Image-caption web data
>>

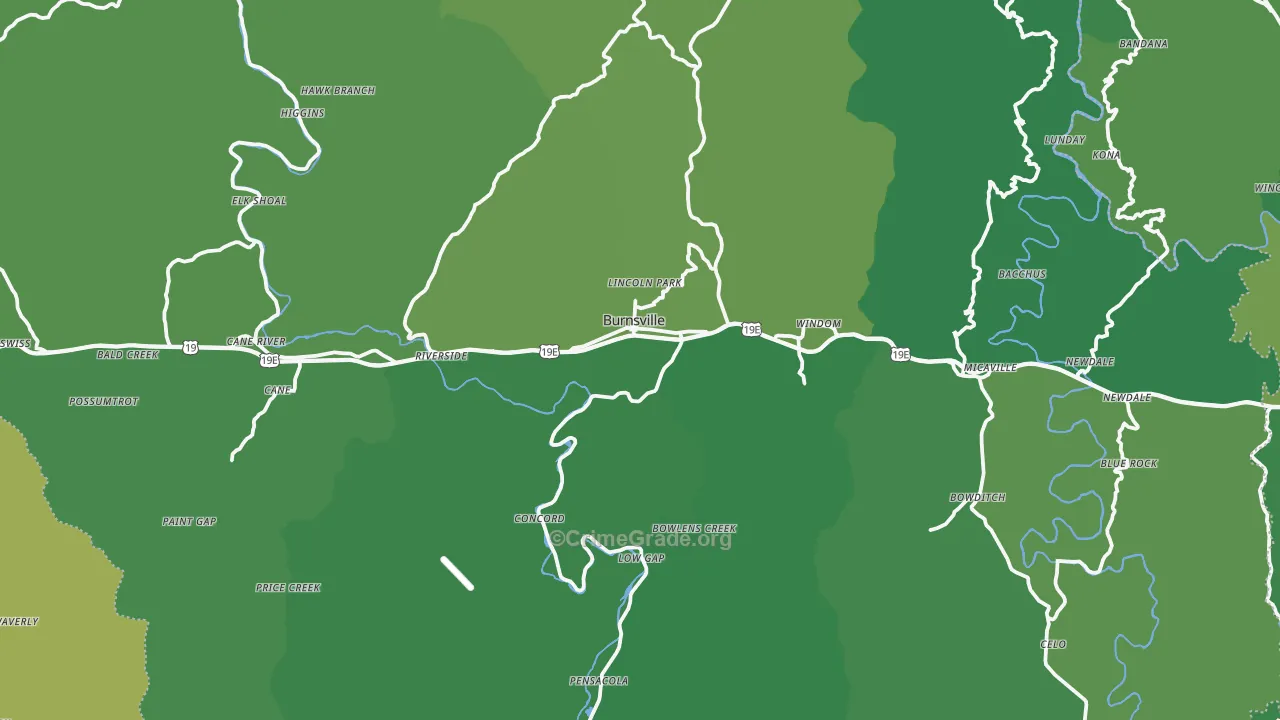 Burnsville, NC Map of Vehicle Theft Rates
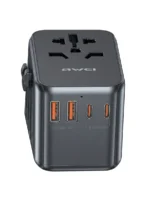 Awei C-39 35W GaN Universal Travel Adapter – 5-Port Multi-Function Fast Charger,International Plug for EU/UK/US/AU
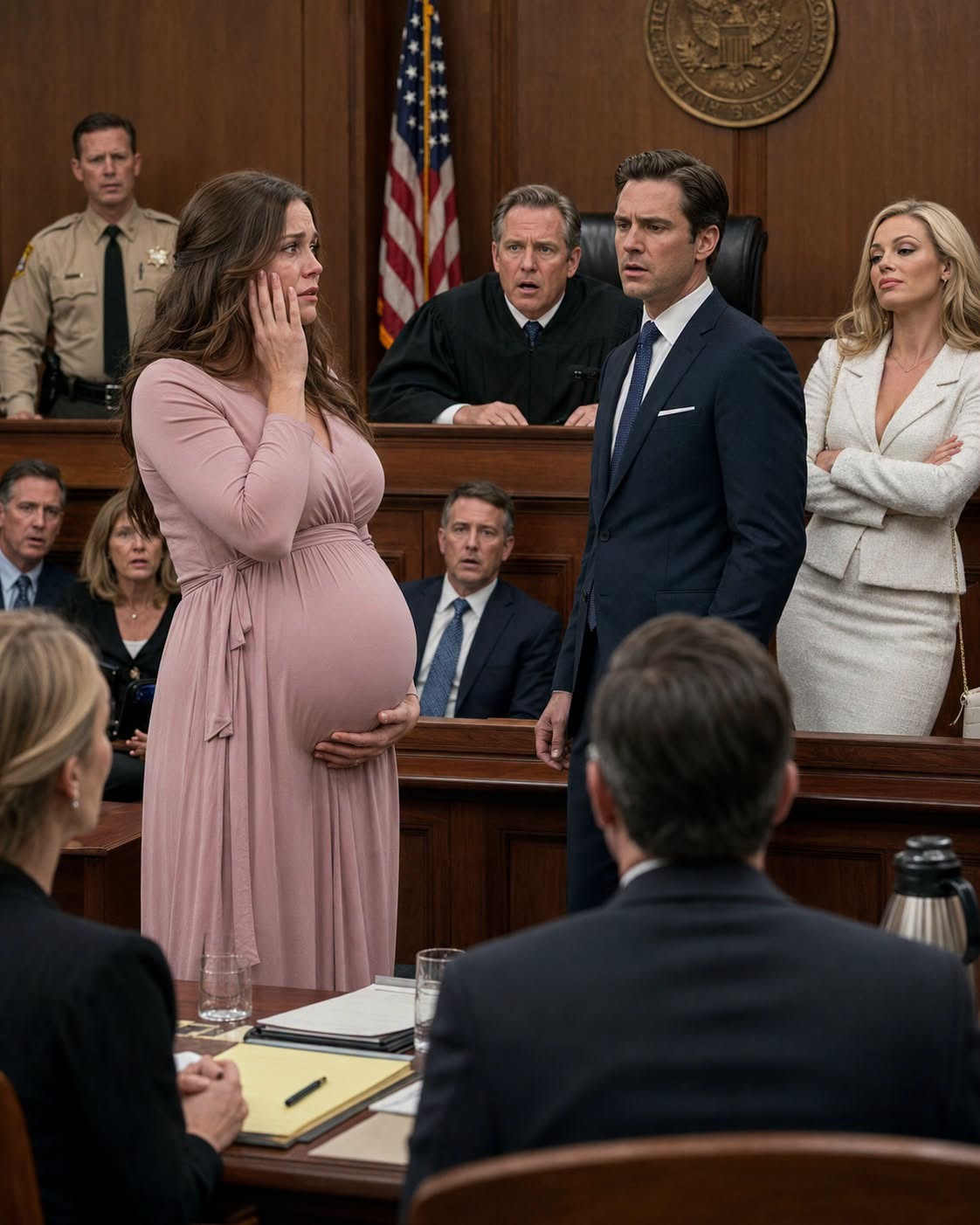 “Watch Me.” Eight Months Pregnant, I Entered Court Expecting Divorce—Only for My CEO Husband and His Mistress to Mock and Ass🇦ult Me, Until the Judge Met My Eyes, Sealed the Doors, and Revealed the Secret Connection That Changed Everything.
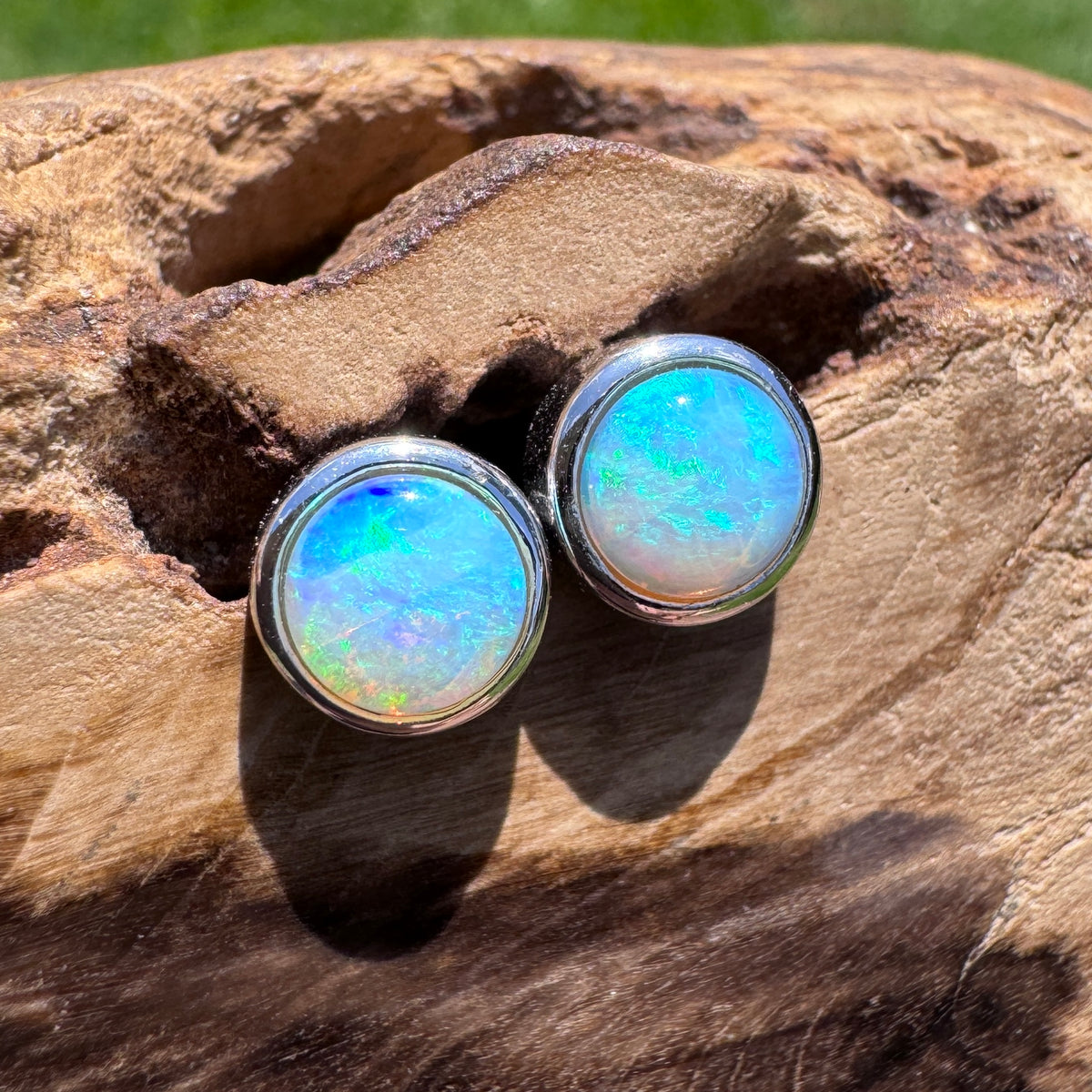 0.6ct Coober Pedy Crystal Opal Stud Earrings ~ 'Phillip Island Glow' | 925 Sterling Silver | Solid Australian Opal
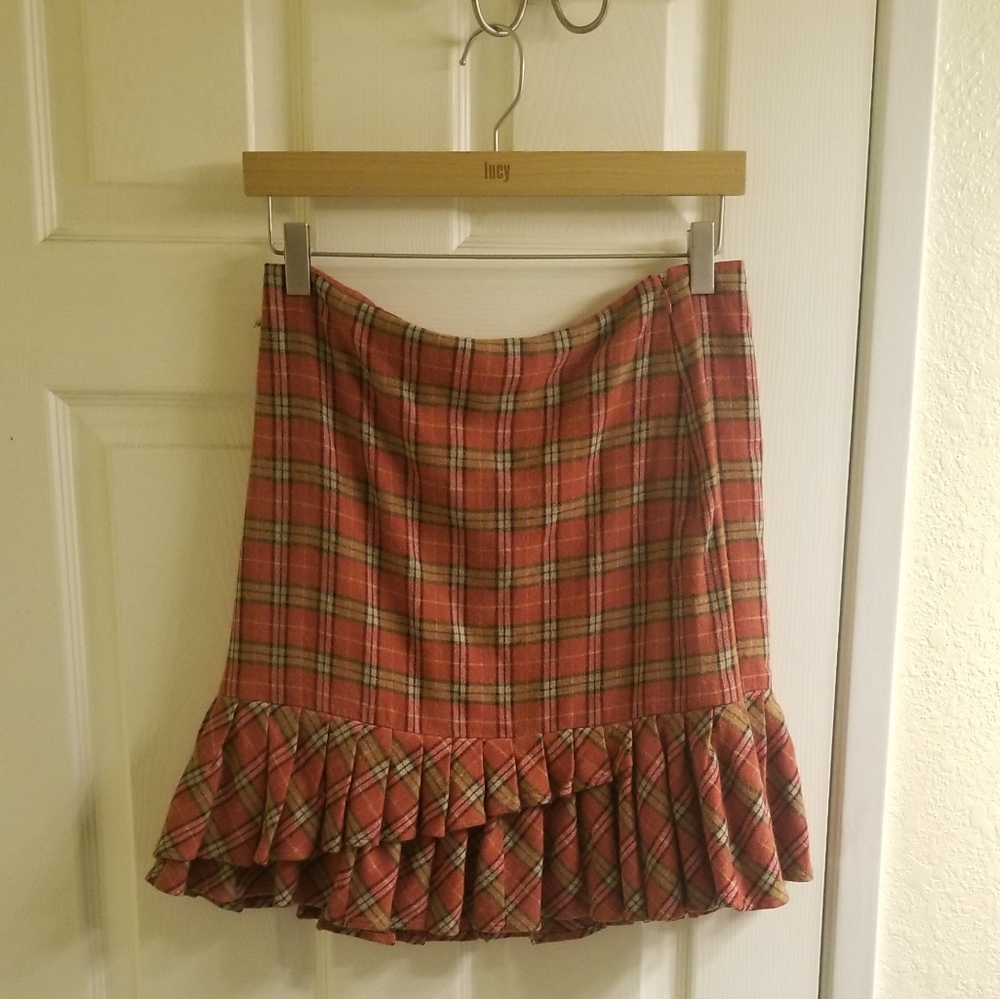 Red and Yellow Plaid ANN TAYLOR LOFT Ruffle Skirt
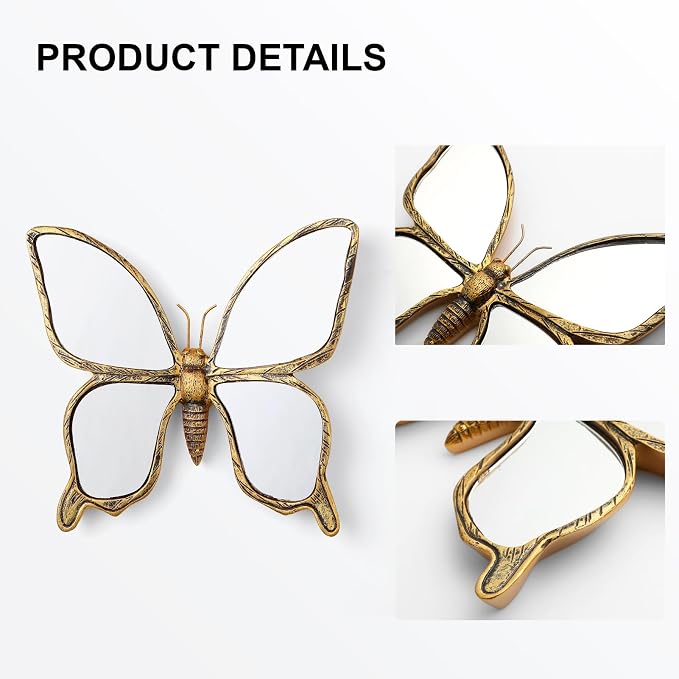 Decorative Bug Insects Animals Beetle Mirrors - Gold Resin Butterfly Glass Wall Decor, Perfect for Victorian and European Themed Homes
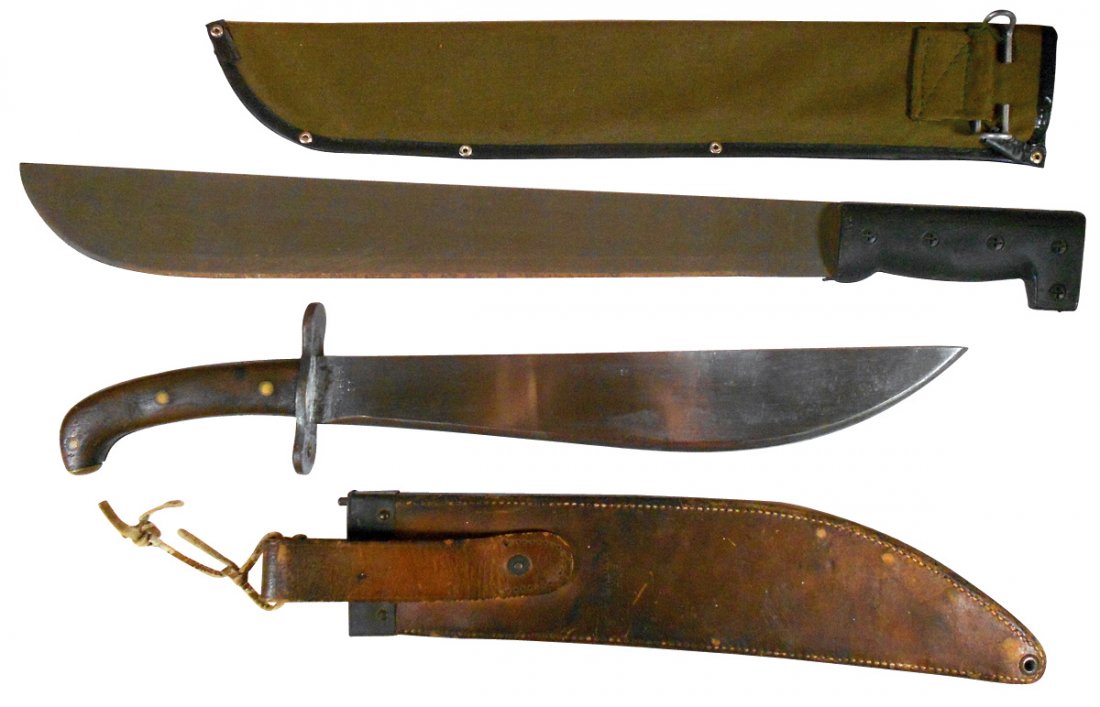 Machetes (2), military-type machete made in Taiwan: Machetes (2), military-type machete made in Taiwan w/canvas sheath, 22.5"L & heavy wood handled machete inscribed U.S. 43834 on one side of blade & Plumb Phila 1917 on other side, in leather/metal bel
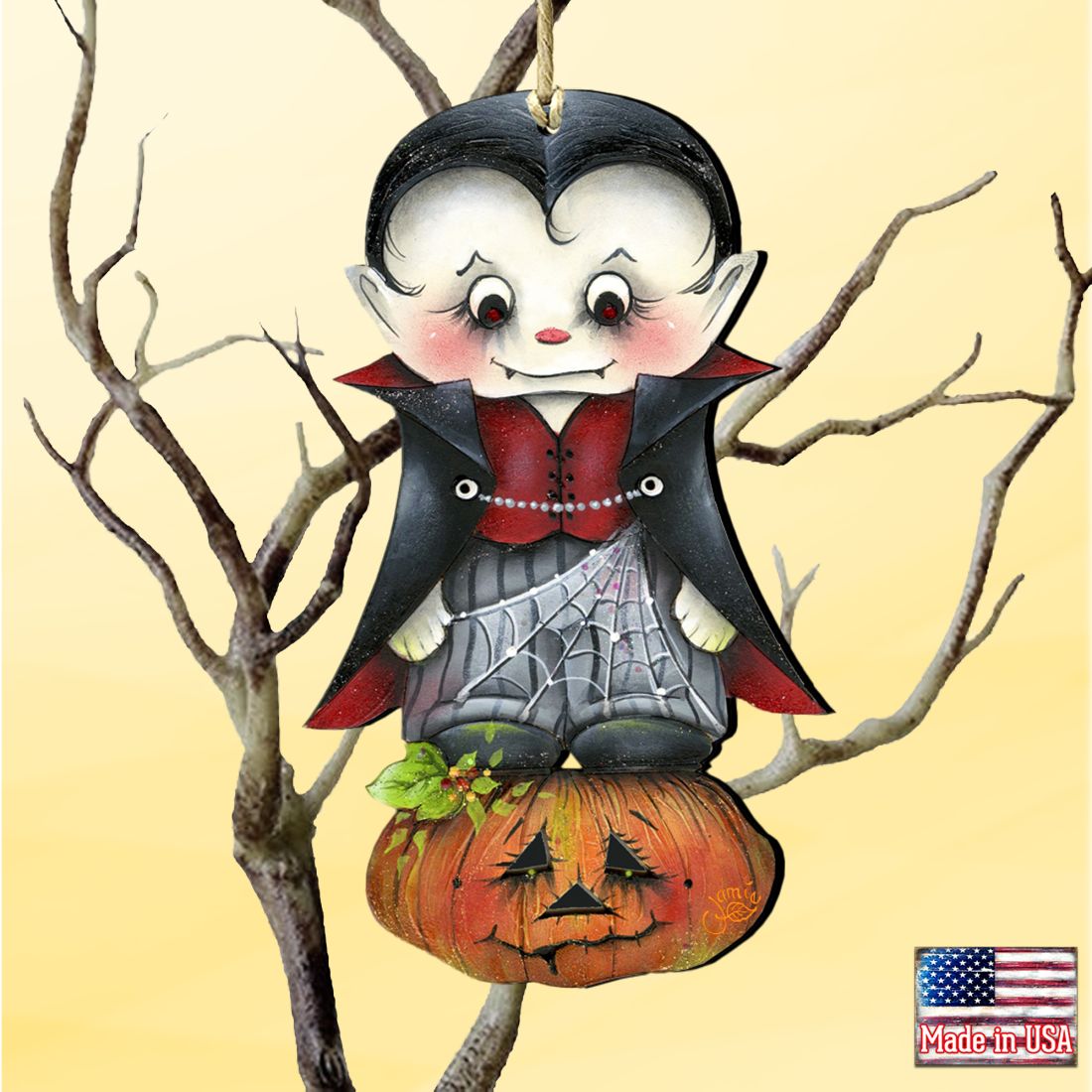 Dracula Wooden Ornaments Halloween by Jamie Mills-Price - Thanksgiving Halloween Decor - 8457401
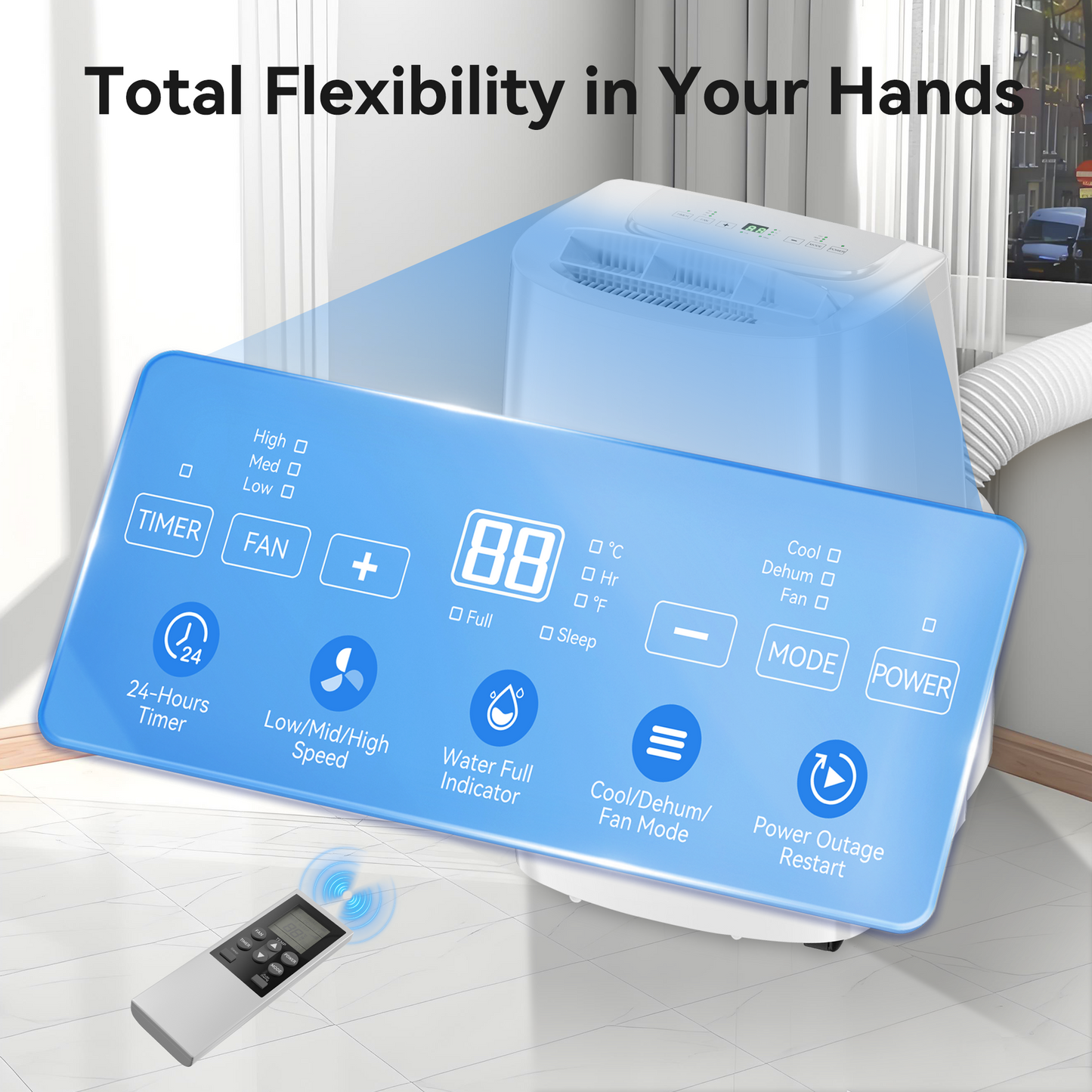 Portable Air Conditioner 14000 BTU Ashrae, 3-in-1 AC Unit for Room with Dehumidifier/Fan/Sleep Modes, 650 Sq.Ft, Remote Control, 24H Timer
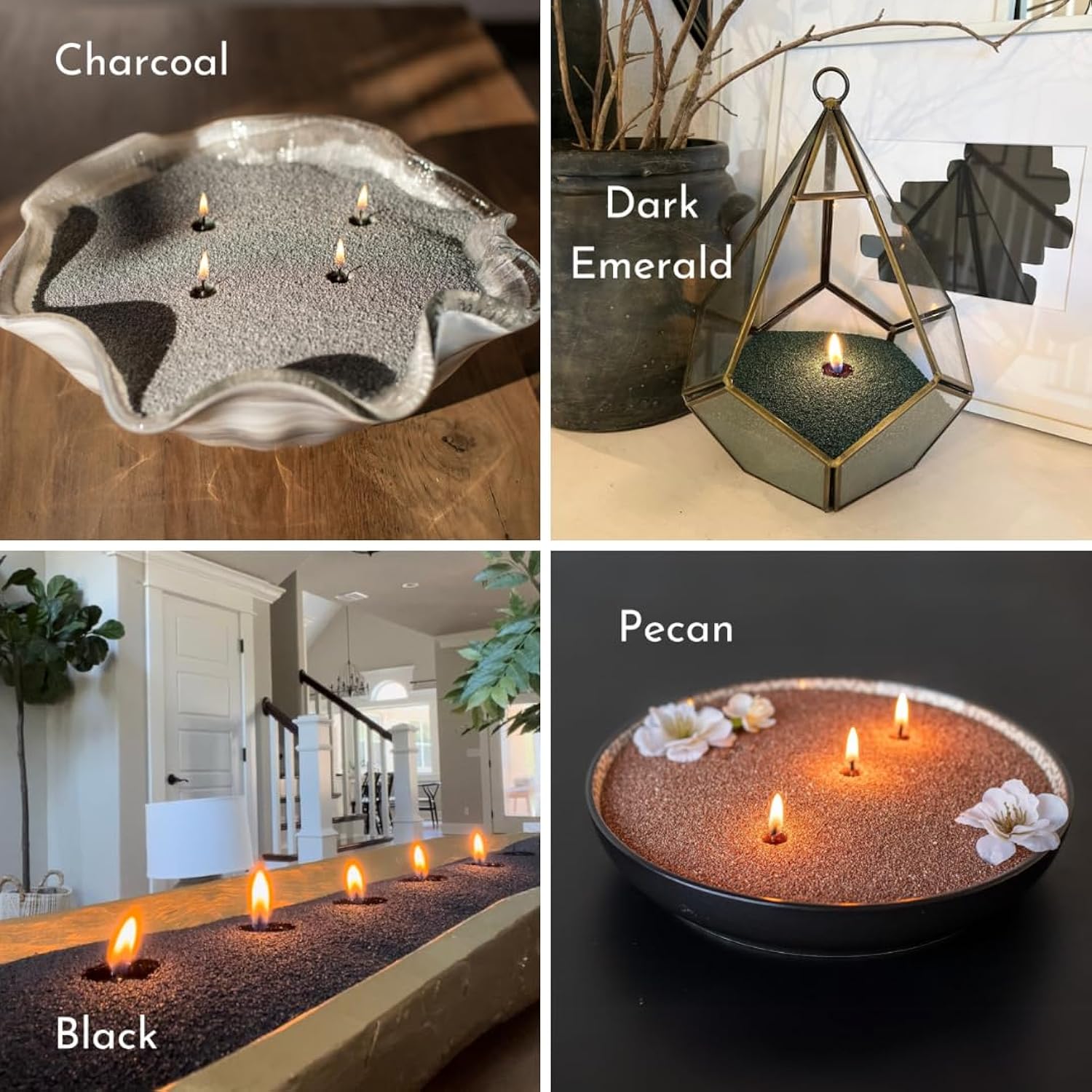 Foton Pearled Candle Colored 18 Oz - Charcoal Unscented Non Toxic Luxury Long Lasting Powder Wax Sand Candles up to 120 Hours - Refillable Pearl Candle Sand with 30 Wicks for Candles Making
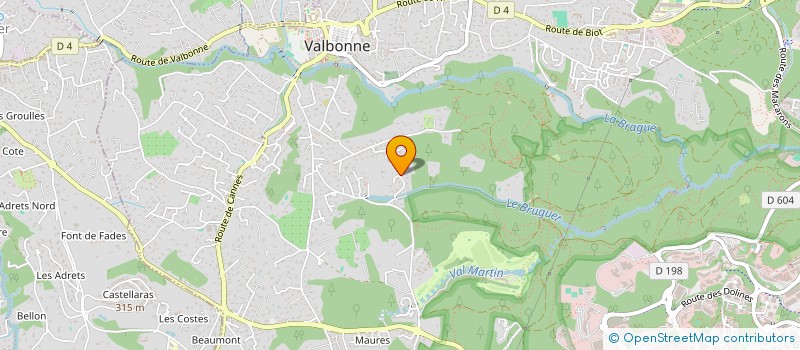 localisation de l'entreprise LA TOPAZE  VALBONNE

<<

HOW TO COMPLETE THIS TASK ->
Apart from the pictures, repeat every entry exactly.

ANSWER TO THIS TASK ->
 Burnsville, NC Map of Vehicle Theft Rates
 Awei C-39 35W GaN Universal Travel Adapter – 5-Port Multi-Function Fast Charger,International Plug for EU/UK/US/AU
 “Watch Me.” Eight Months Pregnant, I Entered Court Expecting Divorce—Only for My CEO Husband and His Mistress to Mock and Ass🇦ult Me, Until the Judge Met My Eyes, Sealed the Doors, and Revealed the Secret Connection That Changed Everything.
 0.6ct Coober Pedy Crystal Opal Stud Earrings ~ 'Phillip Island Glow' | 925 Sterling Silver | Solid Australian Opal
 Red and Yellow Plaid ANN TAYLOR LOFT Ruffle Skirt
 Decorative Bug Insects Animals Beetle Mirrors - Gold Resin Butterfly Glass Wall Decor, Perfect for Victorian and European Themed Homes
 Machetes (2), military-type machete made in Taiwan: Machetes (2), military-type machete made in Taiwan w/canvas sheath, 22.5"L & heavy wood handled machete inscribed U.S. 43834 on one side of blade & Plumb Phila 1917 on other side, in leather/metal bel
 Dracula Wooden Ornaments Halloween by Jamie Mills-Price - Thanksgiving Halloween Decor - 8457401
 Portable Air Conditioner 14000 BTU Ashrae, 3-in-1 AC Unit for Room with Dehumidifier/Fan/Sleep Modes, 650 Sq.Ft, Remote Control, 24H Timer
 Foton Pearled Candle Colored 18 Oz - Charcoal Unscented Non Toxic Luxury Long Lasting Powder Wax Sand Candles up to 120 Hours - Refillable Pearl Candle Sand with 30 Wicks for Candles Making
 localisation de l'entreprise LA TOPAZE  VALBONNE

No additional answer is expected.